How to Enable Wasm on Docker Desktop
f you’re interested in running WebAssembly containers, Docker has made it simple to get started. Support for Wasm workloads is now in beta, and you can enable it on Docker Desktop by checking the “Enable Wasm” option in the Features in Development tab under Settings.
Enabling Wasm in Docker Desktop
- Open Docker Desktop Settings: Navigate to the Features in Development tab.
- Check the “Enable Wasm” Option: Make sure you also have containerd image store support enabled.
After enabling Wasm in Docker Desktop, you’re ready to go. Docker supports various Wasm runtimes, including Spin, WasmEdge, and Wasmtime. Detailed documentation is available to help you run these applications.
How Docker Supports WebAssembly
To understand how Docker supports WebAssembly, let’s briefly review how the Docker Engine works.
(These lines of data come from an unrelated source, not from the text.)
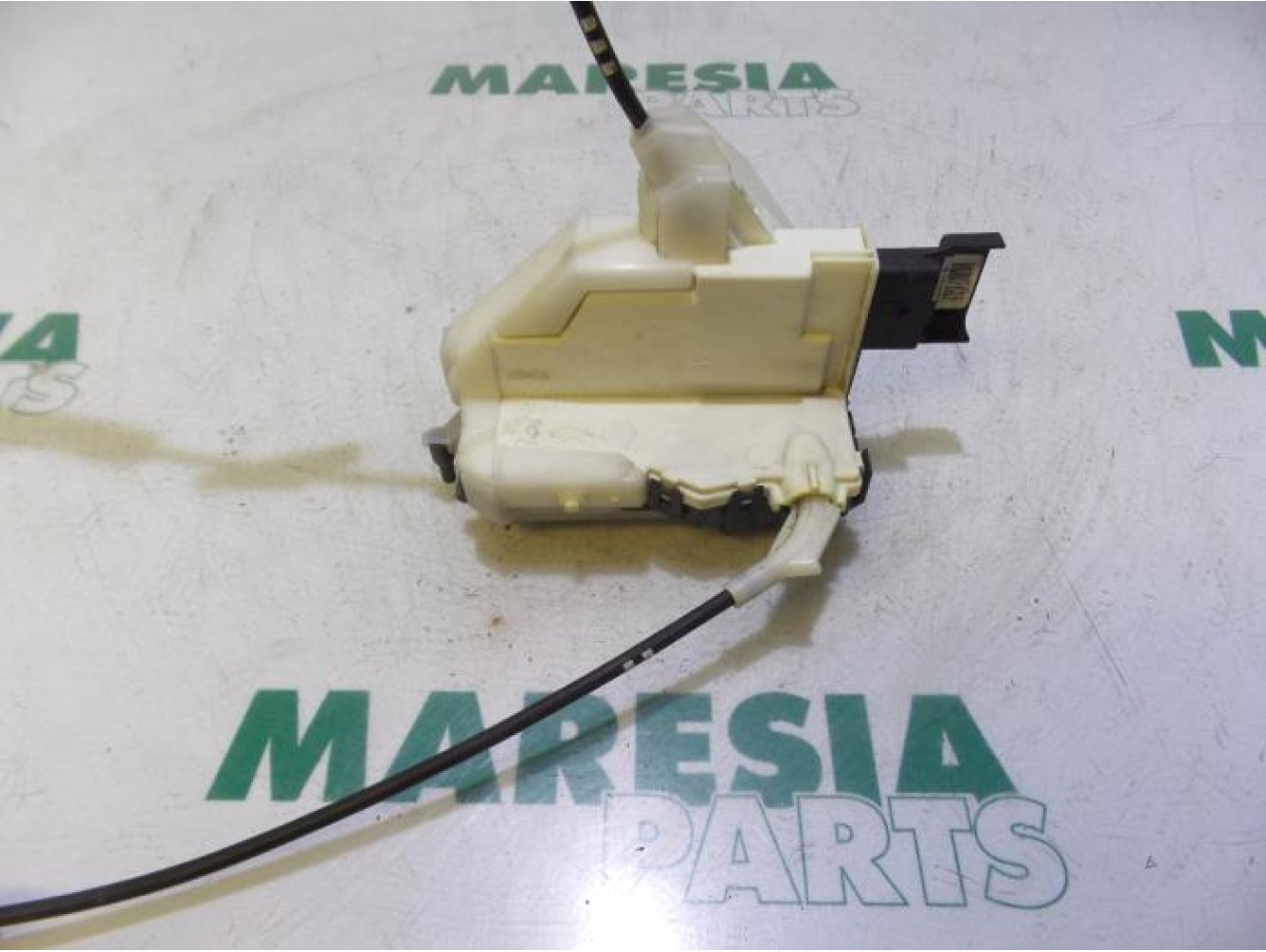 Peugeot - 5008 - Front door lock mechanism 4-door, right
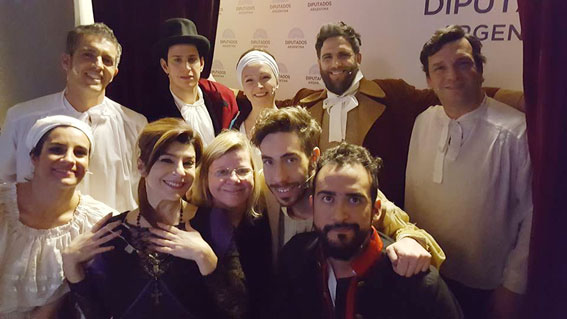 Con el grupo de actores que participó en "Los Hombres de la Independencia".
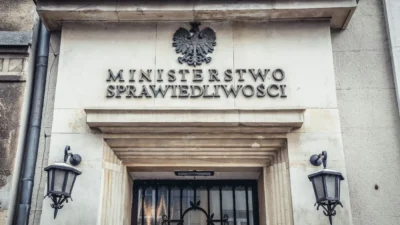 Polonya da eski yonetim doneminde devlet baskisi sistemi i ddialari 54474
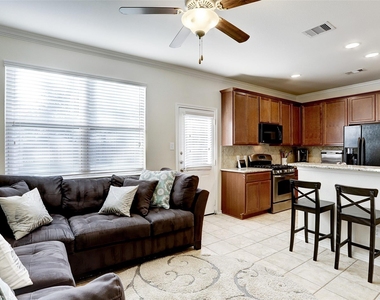 24518 Haywards Crossing Ln - Photo Thumbnail 4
The Docker Engine builds on a higher-level container runtime called containerd. This runtime provides fundamental functionality to control the container lifecycle. Using a shim process, containerd can leverage runc (a low-level runtime) under the hood, allowing it to interact directly with the operating system to manage various aspects of containers.
Integrating Wasm Runtimes with Docker
One of the key strengths of this design is that anyone can write a shim to integrate other runtimes with containerd, including WebAssembly runtimes. As a result, you can plug and play with various Wasm runtimes in Docker, such as WasmEdge, Spin, and Wasmtime.
The Future of WebAssembly and Docker
WebAssembly is continuously evolving, and staying updated with ecosystem developments is crucial. One recent advancement is the new WebAssembly Component Model, which will impact shims for various container runtimes. At Docker, we are committed to simplifying the creation of Wasm containers and enhancing the developer experience.
In a famous 2019 tweet thread, Docker founder Solomon Hykes envisioned the future of cloud computing, where Docker runs Windows, Linux, and WebAssembly containers side by side. Given recent developments in the ecosystem, that future is now a reality.
Recent Advancements in Wasm and Docker
- WASI Preview 2: This launch rebased WASI on the component model type system and semantics, making it modular, fully virtualizable, and accessible to various source languages.
- SpinKube Open Source Project: Released by Fermyon, Microsoft, SUSE, LiquidReply, and others, SpinKube provides a straightforward path for deploying Wasm-based serverless functions into Kubernetes clusters. Developers can use SpinKube with Docker via k3s, a lightweight wrapper for running Rancher Lab’s minimal Kubernetes distribution. Docker Desktop includes the shim, enabling Kubernetes containers on your local machine.
Conclusion
In this article, we explored how Docker and Wasm work together and how to use Docker for Wasm workloads. We’re excited to see Wasm’s adoption grow in the coming years and will continue to enhance our support to meet developers both where they’re at and where they’re headed.
By marrying these two powerful technologies, developers can achieve unprecedented levels of performance, security, and versatility in their application deployments. Whether you’re building server-side applications, engaging in edge computing, or venturing into cloud/serverless architectures, leveraging Docker and Wasm together will empower you to create efficient and scalable solutions.